# Satellite TV



## macca_24 (Apr 14, 2008)

Decided to sign up for showtime TV anyone else already have it? Do you like it? What sort of movies and series do they have? Law and Order, Bones, CSI? All those goodies can you tell me?


----------



## bubble_boy (May 28, 2008)

I had Showtime, but "downgraded" to Orbit Prime. I have to admit all the movie channels and sport channels were wasted on me. I prefer having Discovery and History channel. Showtime's series seem to be a few months behind the US from what i've seen, but not too bad. BE prepared for lots of re runs.


----------



## liquid8urn (Oct 7, 2008)

Does anyone know if 'Lost' series is available in the UAE? 
thanks


----------



## Lenochka (Apr 19, 2008)

You can buy the DVD boxes here.....one good places for things like that is 
the huge VIRGIN store in the Mall of Emirates

Have fun
Lenochka


----------



## NATS (Sep 17, 2008)

We're getting Showtime installed this week. going to miss my DSTV though. Wondering if showtime has Lost, Prison Break and oh of course Desperate Housewives in it lmfao


----------



## bubble_boy (May 28, 2008)

Showtime has those shows...


----------



## Jockvdv (Oct 2, 2008)

NATS said:


> We're getting Showtime installed this week. going to miss my DSTV though. Wondering if showtime has Lost, Prison Break and oh of course Desperate Housewives in it lmfao


Nats

In the same boat (currently in Joburg) - heard elsewhere you can get DSTV East - you can prob check out that bouquet here (?) Apparently you lose the RSA content (SABC etc...) but keep most, incl the sports

Jock


----------



## NATS (Sep 17, 2008)

Jockvdv said:


> Nats
> 
> In the same boat (currently in Joburg) - heard elsewhere you can get DSTV East - you can prob check out that bouquet here (?) Apparently you lose the RSA content (SABC etc...) but keep most, incl the sports
> 
> Jock


Welcome Gauteng

Me from Durbs

Don't know about the DSTV East and can't check it out.

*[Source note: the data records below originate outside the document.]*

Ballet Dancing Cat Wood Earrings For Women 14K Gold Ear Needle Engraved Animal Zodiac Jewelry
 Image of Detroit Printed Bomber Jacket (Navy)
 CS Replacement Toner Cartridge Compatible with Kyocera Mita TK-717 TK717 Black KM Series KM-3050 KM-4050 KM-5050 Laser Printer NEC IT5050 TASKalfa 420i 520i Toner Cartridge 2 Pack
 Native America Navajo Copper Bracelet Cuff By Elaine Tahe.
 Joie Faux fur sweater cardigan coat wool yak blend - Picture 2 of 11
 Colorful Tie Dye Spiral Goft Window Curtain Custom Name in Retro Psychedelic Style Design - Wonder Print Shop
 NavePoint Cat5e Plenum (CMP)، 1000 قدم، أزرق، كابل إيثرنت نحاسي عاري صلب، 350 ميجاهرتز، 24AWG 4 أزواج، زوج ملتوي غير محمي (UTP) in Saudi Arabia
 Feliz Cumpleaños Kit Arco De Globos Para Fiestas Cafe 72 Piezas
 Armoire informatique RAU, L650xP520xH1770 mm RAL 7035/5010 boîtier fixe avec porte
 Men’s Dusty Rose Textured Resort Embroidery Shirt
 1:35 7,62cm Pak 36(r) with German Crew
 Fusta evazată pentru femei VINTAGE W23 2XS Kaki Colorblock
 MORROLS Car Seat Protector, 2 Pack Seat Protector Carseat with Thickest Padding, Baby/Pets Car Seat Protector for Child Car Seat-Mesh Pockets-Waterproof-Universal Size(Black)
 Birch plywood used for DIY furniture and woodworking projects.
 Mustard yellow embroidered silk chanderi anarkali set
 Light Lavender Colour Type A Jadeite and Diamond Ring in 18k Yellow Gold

All my stuff left on the container and I had to give my PVR decoder away too


----------



## bubble_boy (May 28, 2008)

You cannot legally get dstv here. It's a bit of a mission to get it, and you need to be able to put a satellite up on your balcony or so...


----------



## NATS (Sep 17, 2008)

Ja I am not going to cry over spilt milk - no DSTV and that's it!

Have to do with SHOWTIME now!


----------